Coronavirus: Germany is no longer a role model

Germany had hoped that a partial lockdown would be the best way to tackle the second wave of the coronavirus pandemic. But infection rates are still high and the number of people dying from COVID-19 is rising.

people walking past an electronic board reading Mund Nasen Schutz

An electronic board reminds people to wear the mandatory face masks in a shopping street in Dortmund

When coronavirus infection numbers started to rise exponentially, German states introduced restrictions in November. They were hoping this would pull rates of infection back down to an acceptable level. At the beginning of November, restaurants, cafes, and bars were ordered to shut down. Theaters, cinema, fitness studios, and many other similar businesses also had to close their doors.

Retail outlets were allowed to stay open, as were schools and kindergartens.
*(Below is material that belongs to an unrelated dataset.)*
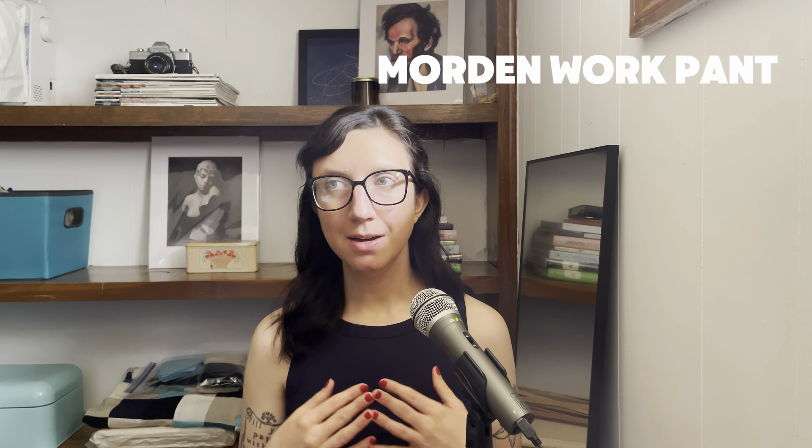I found a couple of patterns for bottoms that I really like. The first is the Thread Theory Morden Work Pant. These are a really cool classic workwear pant design and I really love all of the pockets and the way you could customize them. It's also a great opportunity for top stitching. Cargo pants had a moment recently, but I think this is a classic — what really makes it is the attention to detail. All of the little details make it a really cool design.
The idea was in essence to shut down large sections of the leisure sector while keeping much of the rest of the economy turning over. Work, yes. Play, no. As a result, Germany has become a stay-at-home country.

While most Christmas markets for which Germany is so famous will not be working their magic this year, some restaurant owners are doing what they can to bend the rules as much as possible. So, there are plenty of long lines in front of restaurants where"mulled wine to go" is the seemingly irresistible draw. Anything to keep business ticking over – and not be totally dependent on government loans and subsidies.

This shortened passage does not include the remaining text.